*PROBLEM STATEMENT*. Produce a word-for-word copy of the data that follows, excluding images.
Start of GIVEN ENTRIES
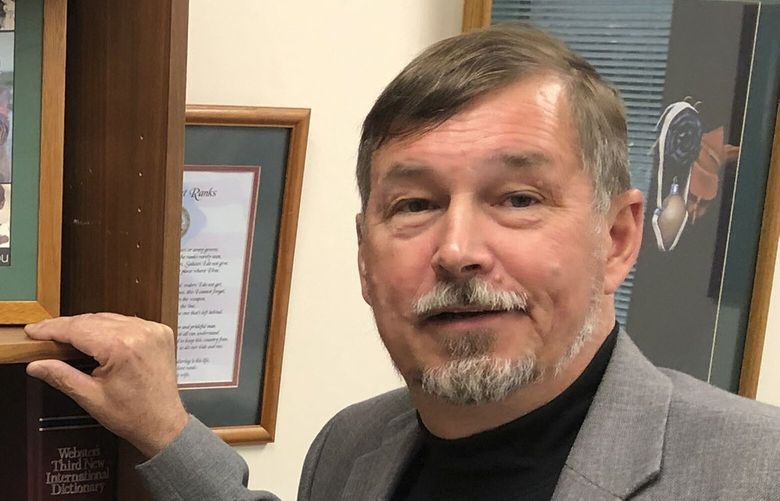 FILE – Oregon Sen. Brian Boquist poses in his office in the Oregon State Capitol in Salem, Ore., Wednesday, July 3, 2019. On Monday, Nov. 28, 2022, a panel of the Oregon Senate rescinded a protective measure it had imposed on Boquist after he made threatening statements during an acrimonious 2019 legislative session. Boquist had been required to give 12 hours notice before coming to the Oregon State Capitol, to give the state police time to beef up their security to ensure the safety of people there. (AP Photo/Andrew Selsky, File) LA106 LA106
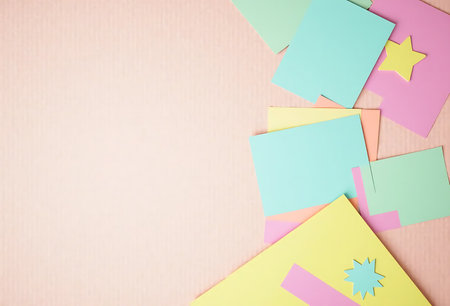Colorful sticky notes on pink background with copy space for text.の写真素材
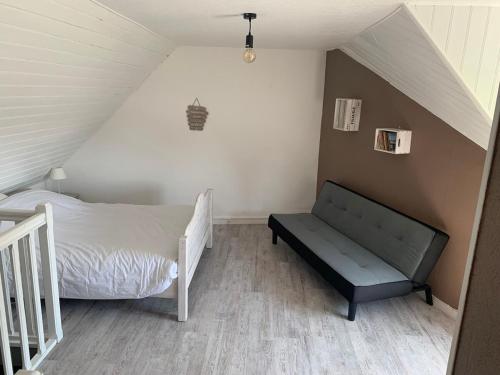 - une chambre mansardée avec un lit et un banc dans l'établissement Maison de pêcheur à Locquirec, plage à 600M, à Locquirec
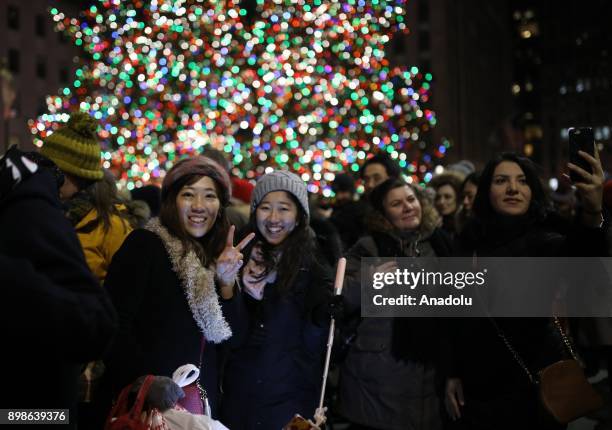 People pose for a photo in front of the illuminated the Christmas tree at Rockefeller Center on on December 26, 2017 in New York City. Christmas tree...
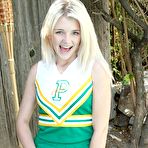 Second pic of Petite girl Holly Van Hough removes her cheerleader uniform and shows her teen pussy outdoors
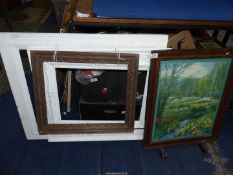 Three picture frames of various sizes and a Print of Parklands.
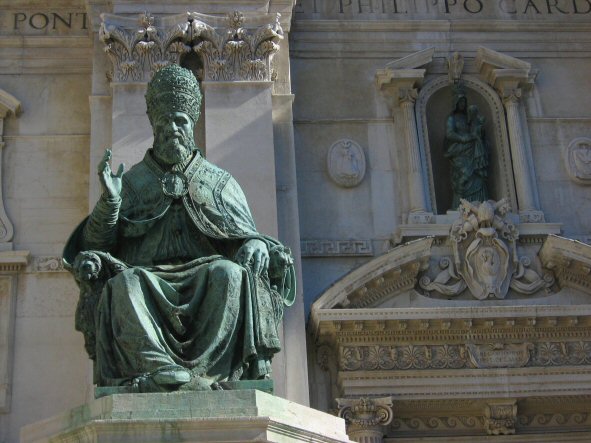 a statue of a man sits in front of a building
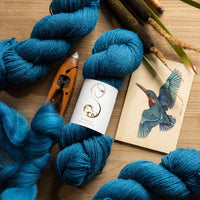 Blue yarn skeins with knitting needles and a bird illustration on a wooden surface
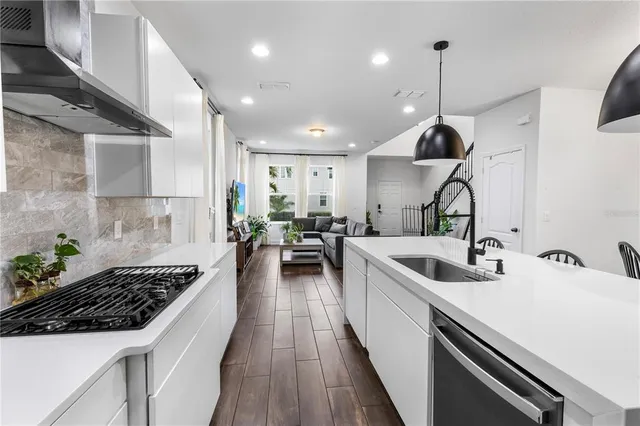 a kitchen with sink and stove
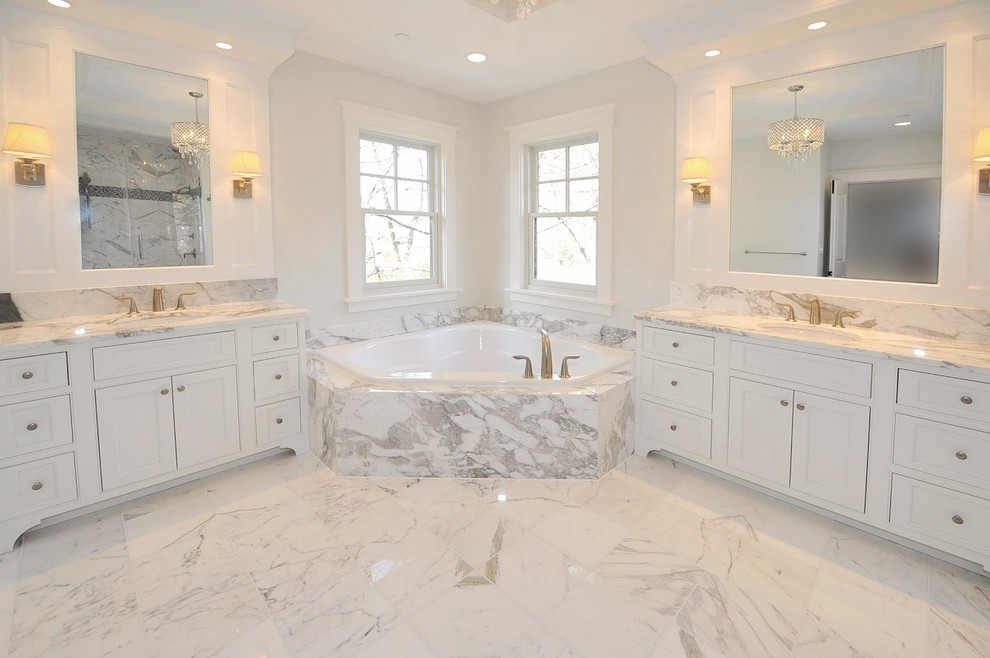 Inspiration for a mid-sized timeless master white tile and stone tile marble floor and white floor bathroom remodel in DC Metro with recessed-panel cabinets, white cabinets, a two-piece toilet, white walls, a drop-in sink and marble countertops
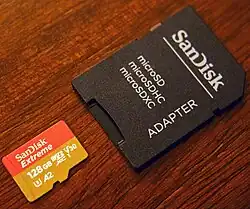 microSD card (left), microSD to SD card adapter (right).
End of GIVEN ENTRIES
*OUTPUT FOR THIS EXERCISE*.
 FILE – Oregon Sen. Brian Boquist poses in his office in the Oregon State Capitol in Salem, Ore., Wednesday, July 3, 2019. On Monday, Nov. 28, 2022, a panel of the Oregon Senate rescinded a protective measure it had imposed on Boquist after he made threatening statements during an acrimonious 2019 legislative session. Boquist had been required to give 12 hours notice before coming to the Oregon State Capitol, to give the state police time to beef up their security to ensure the safety of people there. (AP Photo/Andrew Selsky, File) LA106 LA106
Colorful sticky notes on pink background with copy space for text.の写真素材
 - une chambre mansardée avec un lit et un banc dans l'établissement Maison de pêcheur à Locquirec, plage à 600M, à Locquirec
 People pose for a photo in front of the illuminated the Christmas tree at Rockefeller Center on on December 26, 2017 in New York City. Christmas tree...
 Second pic of Petite girl Holly Van Hough removes her cheerleader uniform and shows her teen pussy outdoors
 Three picture frames of various sizes and a Print of Parklands.
 a statue of a man sits in front of a building
 Blue yarn skeins with knitting needles and a bird illustration on a wooden surface
 a kitchen with sink and stove
 Inspiration for a mid-sized timeless master white tile and stone tile marble floor and white floor bathroom remodel in DC Metro with recessed-panel cabinets, white cabinets, a two-piece toilet, white walls, a drop-in sink and marble countertops
 microSD card (left), microSD to SD card adapter (right).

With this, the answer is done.